Project Leader: Brant Harrison, Chairman Palisade Japanese Beetle Eradication Advisory Committee

Technical Advisors:

  • Robert Hammon, Area Extension Agent, Tri-River Cooperative Extension
  • Whitney Cranshaw, Professor/Extension Specialist, Bioagricultural Sciences and Pest Management, Colorado State University

Project Years: 2004, 2005

Project Summary

The Japanese beetle is one of the most damaging insect pests of ornamental plants, turf grass, and fruit crops in the northeastern United States . A population of this insect has become established in Palisade, Colorado . It was detected in 2002 and confirmed in 2003. Because Colorado is considered Japanese beetle-infested, special cultural and insecticidal methods must be made to allow shipment. Some material may not be exported out of the state at all. This insect has taken a toll on grape and peach crops, especially and is very difficult to control of organically. Eradication of Japanese beetles from the Palisade area is essential in stopping its spread to other agricultural areas in Colorado .

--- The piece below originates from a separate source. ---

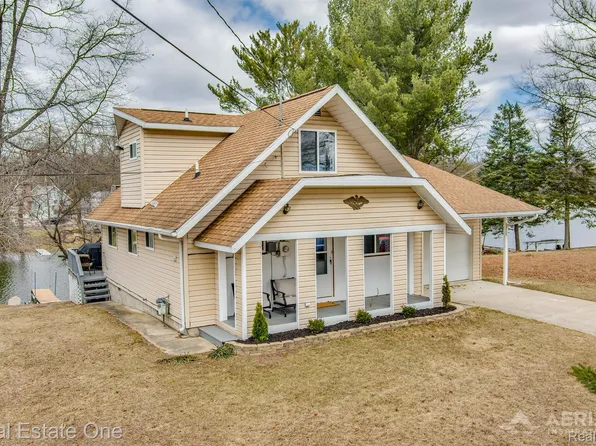 1975 Seneca Trl, West Branch, MI 48661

There is a three-pronged approach to the initial plan of Japanese beetle eradication:

  • Intensive trapping of adult beetles
  • Treatment of lawns to kill larvae
  • Reduction of lawn watering to kill eggs and larvae

To put this project into action in 2004, permission had to be gained from all residents within city limits for the project coordinator to enter property and place traps and apply pesticides (granular imidacloprid, Merit). Out of 712 properties, 711 gave permission for the eradication of the beetles.

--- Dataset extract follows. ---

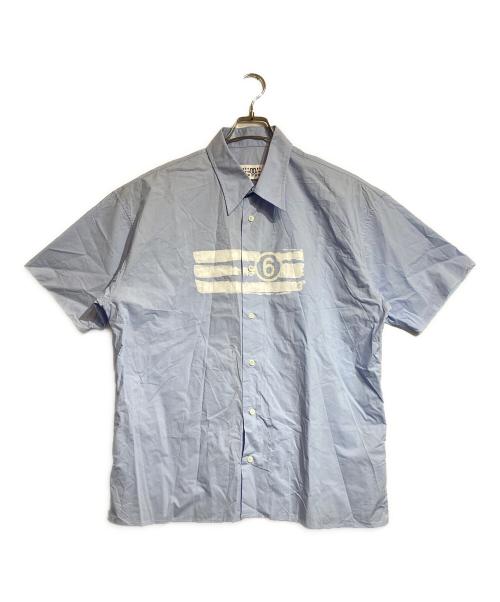 MM6 Maison Margiela（エムエムシックスメゾンマルジェラ）MM6 Maison Margiela (エムエムシックスメゾンマルジェラ) ペイントロゴS/Sシャツ ブルー サイズ:48の古着・服飾アイテム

The initial project was very successful. The second year of trapping was done during the 2005 growing season. As in 2004, permission was sought from all residents in town with turf grass. Permission was granted and 418 traps were set at locations as close as possible to the 2004 locations. All procedures were the same as 2004, but a different company applied the pesticide treatments. This project was again, very successful in 2005 and monitoring will continue.

The success of this program should help specialty crop growers to reduce production costs and increase access to out-of-state markets; eliminate future control costs associated with Japanese beetles; and serve as a model for attempts to limit introduction into the state of other exotic pests that can hinder specialty crop production.